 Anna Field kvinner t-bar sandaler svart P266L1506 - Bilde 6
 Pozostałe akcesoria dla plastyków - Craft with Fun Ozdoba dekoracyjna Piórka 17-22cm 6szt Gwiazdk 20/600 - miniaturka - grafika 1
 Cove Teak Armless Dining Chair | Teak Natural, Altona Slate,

^^^^^^^^

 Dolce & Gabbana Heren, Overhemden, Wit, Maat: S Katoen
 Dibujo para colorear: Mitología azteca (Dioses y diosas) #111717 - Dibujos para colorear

^^^^^^^^

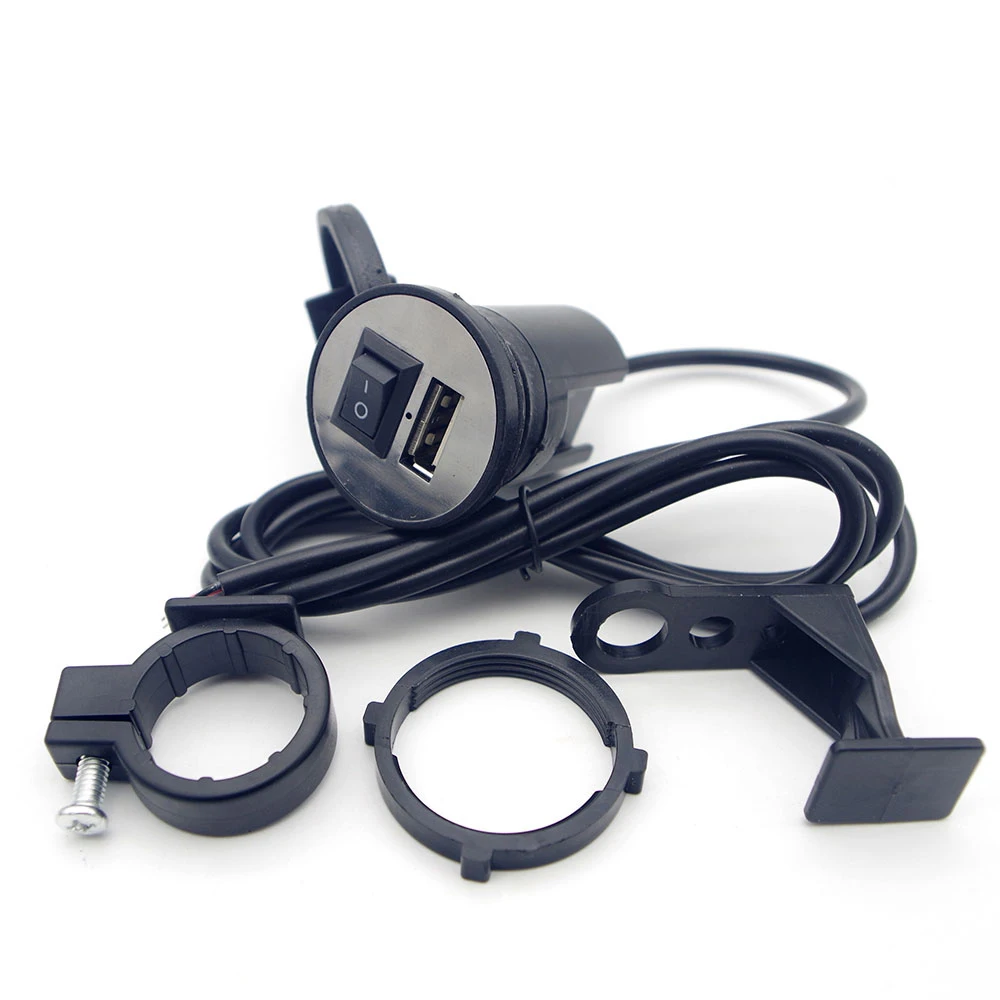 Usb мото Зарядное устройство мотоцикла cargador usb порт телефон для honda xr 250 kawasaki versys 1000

^^^^^^^^

Retype, in the same exact form, the lines of the material above from the line holding "Dolce & Gabbana" through the line holding "Dibujo para colorear: Mitología".

 Dolce & Gabbana Heren, Overhemden, Wit, Maat: S Katoen
 Dibujo para colorear: Mitología azteca (Dioses y diosas) #111717 - Dibujos para colorear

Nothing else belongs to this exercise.